Volume 42, Number 7 · April 20, 1995

Professionals

By Darryl Pinckney
Laughing in the Dark: From Colored Girl to Woman of Color—A Journey from Prison to Power
by Patrice Gaines

Crown, 295 pp., $24.00

OTHER BOOKS MENTIONED IN THIS ESSAY

Volunteer Slavery: My Authentic Negro Experience
by Jill Nelson

Penguin, 244 pp., $9.95 (paper)

Crusade for Justice: The Autobiography of Ida B. Wells

University of Chicago Press, 434 pp., $16.95 (paper)

Along This Way: The Autobiography of James Weldon Johnson
Introduction by Sondra K. Wilson

Penguin, 432 pp., $9.95 (paper)

In My Place
by Charlayne Hunter-Gault

Vintage, 257 pp., $11.00 (paper)

Warriors Don't Cry
by Melba Beals

Washington Square Press, 312 pp., $10.00 (paper)

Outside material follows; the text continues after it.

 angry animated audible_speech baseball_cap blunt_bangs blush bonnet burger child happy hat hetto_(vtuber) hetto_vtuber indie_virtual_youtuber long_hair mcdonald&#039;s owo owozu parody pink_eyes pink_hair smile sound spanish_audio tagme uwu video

A Man's Life: An Autobiography
by Roger Wilkins

Ox Bow, 384 pp., $15.95 (paper)

Children of the Dream: The Psychology of Black Success
by Audrey Edwards, by Craig K. Polite

Anchor, 287 pp., $10.95 (paper)

The Rage of a Privileged Class: Why Do Prosperous Blacks Still Have the Blues?
by Ellis Cose

HarperPerennial, 192 pp., $12.00 (paper)

Out of the Madness: From the Projects to a Life of Hope
by Jerrold Ladd

Warner, 195 pp., $19.95

Bourgeois Blues An American Memoir
by Jake Lamar

Plume, 174 pp., $9.00 (paper)

From the start black newspapers tended to appear when circumstances made influencing white opinion and unifying the insurgent spirit among blacks a 'strange necessity,' as one pre-Civil War black editor termed it. When Frederick Douglass began publishing his antislavery weekly North Star, in Rochester, New York, in 1847, some white abolitionists considered it presumptuous of him to be lecturing them in print on principles of liberty. 'Let us have the facts. We'll take care of the philosophy.' Not only North Star but the three other newspaper ventures that Douglass undertook were all extensions of his work as a lecturer and writer, a continuation of his leadership by other means.